» **REQUIRED WORK**
Hunt for the word "مكينه" across the entries below, copying each line that holds it.

» **STORED DATA**
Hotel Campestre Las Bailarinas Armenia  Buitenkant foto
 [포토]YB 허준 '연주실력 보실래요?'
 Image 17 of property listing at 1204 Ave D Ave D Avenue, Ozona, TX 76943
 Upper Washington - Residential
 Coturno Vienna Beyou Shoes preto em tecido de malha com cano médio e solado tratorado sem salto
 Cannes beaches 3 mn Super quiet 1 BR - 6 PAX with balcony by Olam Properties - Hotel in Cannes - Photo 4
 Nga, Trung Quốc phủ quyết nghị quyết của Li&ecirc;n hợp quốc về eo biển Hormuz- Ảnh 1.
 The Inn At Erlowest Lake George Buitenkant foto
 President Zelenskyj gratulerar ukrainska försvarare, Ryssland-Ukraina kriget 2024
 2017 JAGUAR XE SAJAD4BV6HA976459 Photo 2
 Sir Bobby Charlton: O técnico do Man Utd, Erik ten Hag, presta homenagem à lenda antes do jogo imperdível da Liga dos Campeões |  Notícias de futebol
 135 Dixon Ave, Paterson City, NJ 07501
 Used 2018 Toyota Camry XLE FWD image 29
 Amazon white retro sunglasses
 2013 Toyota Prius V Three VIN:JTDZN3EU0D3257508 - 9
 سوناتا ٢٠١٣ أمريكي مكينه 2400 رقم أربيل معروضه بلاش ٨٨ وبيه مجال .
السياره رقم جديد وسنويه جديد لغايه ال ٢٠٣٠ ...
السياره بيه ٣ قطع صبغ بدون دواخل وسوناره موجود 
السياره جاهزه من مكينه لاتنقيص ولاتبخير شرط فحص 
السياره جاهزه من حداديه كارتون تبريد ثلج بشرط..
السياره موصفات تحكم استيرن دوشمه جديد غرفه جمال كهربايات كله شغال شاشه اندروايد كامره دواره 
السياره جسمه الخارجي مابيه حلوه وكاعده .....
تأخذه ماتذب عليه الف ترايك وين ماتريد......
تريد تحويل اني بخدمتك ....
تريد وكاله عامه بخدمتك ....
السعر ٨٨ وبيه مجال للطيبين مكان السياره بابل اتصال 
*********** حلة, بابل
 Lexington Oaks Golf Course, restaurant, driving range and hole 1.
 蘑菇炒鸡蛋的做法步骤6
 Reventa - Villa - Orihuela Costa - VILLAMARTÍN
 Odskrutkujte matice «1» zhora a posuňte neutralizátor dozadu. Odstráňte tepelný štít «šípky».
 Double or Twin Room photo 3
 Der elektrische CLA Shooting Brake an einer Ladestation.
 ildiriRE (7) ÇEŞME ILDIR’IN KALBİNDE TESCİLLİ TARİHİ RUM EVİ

» **RESPONSE BOX**
 سوناتا ٢٠١٣ أمريكي مكينه 2400 رقم أربيل معروضه بلاش ٨٨ وبيه مجال .
السياره جاهزه من مكينه لاتنقيص ولاتبخير شرط فحص 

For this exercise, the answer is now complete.